Image by City of Charleston An image grab from the construction site's webcam show the heavy rain's effects.
(Update 5 at the bottom.)
The Post and Courier reports that an archaeological team is investigating two sets of human remains discovered at the Gaillard Auditorium construction site on Calhoun Street.
As of now, nothing more is known about the remains except that they were buried head-to-toe and were facing eastward. Their gender and age are will soon be identified.
Update 1: Heavy rains are postponing a planned excavation at the Gaillard Auditorium to further examine the area where a pair of skeletal remains were found.
Update 2, February 15: Excavation resumed on Thursday and turned up more than 25 grave sites, assorted animals bones, and what is believed to be part of a building's foundation.
The human remains have been dated all the way back to 1760, before the Revolutionary War.
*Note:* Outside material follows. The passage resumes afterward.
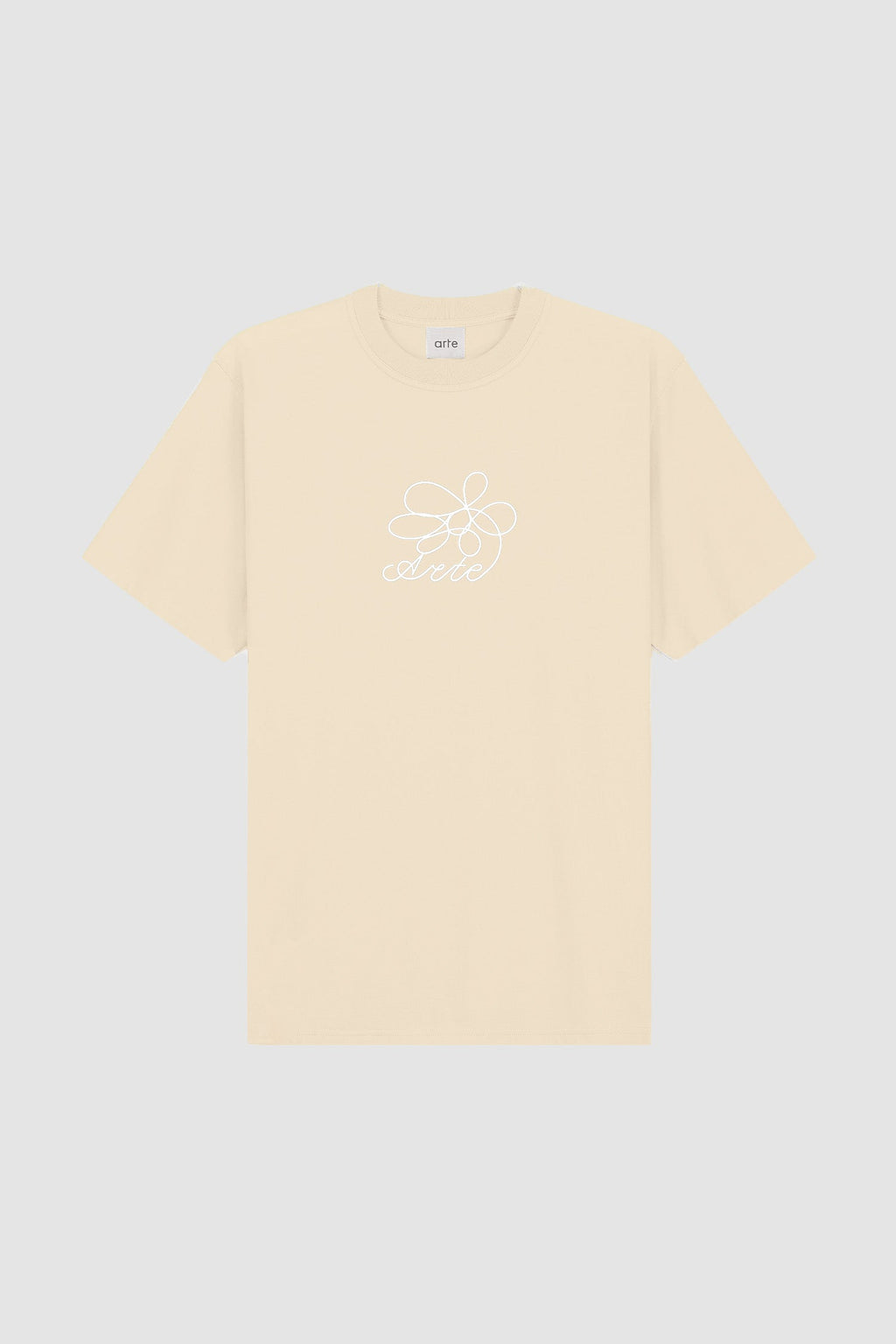 T-shirt brodé de fleurs - Crème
Update 3, February 16: The Post and Courier offers an updated report, noting that a total of 27 graves have been found and the current thinking places the site as far back as the 1720s, and that part of the Charleston peninsula had yet to be settled.
Updated 4, February 22: Mayor Joseph P. Riley, Jr. sent out a memo earlier this week that shared further details regarding what is now 29 sets of human remains that have been dated back to the early 1800s.
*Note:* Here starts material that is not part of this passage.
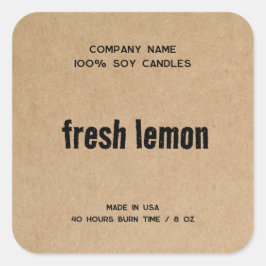 ミニマルシンプルリストキャンドルラベル製品ラベルクラフト スクエアシール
City Council and the public have now been alerted to the plan, which in at least 30 days, will move forward with relocating the remains to a cemetery. The ultimate resting place has yet to be determined.
Update 5, February 25: An additional eight sets of human remains has brought the tally to 37 for the number of graves found underneath the Gaillard Auditorium construction site, also uncovered was a cannonball believed to be from the Revolutionary War-era.